(YOUR ASSIGNMENT): Scan the records for the string "Tops" and copy every line that holds it.

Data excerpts
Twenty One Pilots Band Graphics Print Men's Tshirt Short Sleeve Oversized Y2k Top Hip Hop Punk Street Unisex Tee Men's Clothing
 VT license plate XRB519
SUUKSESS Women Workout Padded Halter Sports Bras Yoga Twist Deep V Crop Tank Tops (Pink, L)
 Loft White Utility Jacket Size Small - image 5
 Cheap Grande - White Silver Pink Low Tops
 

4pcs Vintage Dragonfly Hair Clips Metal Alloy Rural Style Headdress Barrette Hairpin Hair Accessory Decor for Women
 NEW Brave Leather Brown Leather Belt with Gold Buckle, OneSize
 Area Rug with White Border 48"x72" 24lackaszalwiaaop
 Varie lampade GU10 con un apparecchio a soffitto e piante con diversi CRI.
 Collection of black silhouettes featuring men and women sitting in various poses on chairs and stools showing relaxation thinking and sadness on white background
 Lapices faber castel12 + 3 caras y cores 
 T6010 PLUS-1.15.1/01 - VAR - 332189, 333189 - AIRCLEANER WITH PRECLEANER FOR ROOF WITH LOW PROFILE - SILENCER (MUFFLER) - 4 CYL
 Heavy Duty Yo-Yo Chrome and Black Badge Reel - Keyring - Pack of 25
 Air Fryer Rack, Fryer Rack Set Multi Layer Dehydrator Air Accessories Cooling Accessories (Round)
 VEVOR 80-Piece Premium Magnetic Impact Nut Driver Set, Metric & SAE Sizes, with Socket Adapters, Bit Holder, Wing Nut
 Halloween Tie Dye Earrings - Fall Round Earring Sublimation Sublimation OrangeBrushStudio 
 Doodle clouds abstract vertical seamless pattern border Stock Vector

(YOUR SOLUTION):
SUUKSESS Women Workout Padded Halter Sports Bras Yoga Twist Deep V Crop Tank Tops (Pink, L)
 Cheap Grande - White Silver Pink Low Tops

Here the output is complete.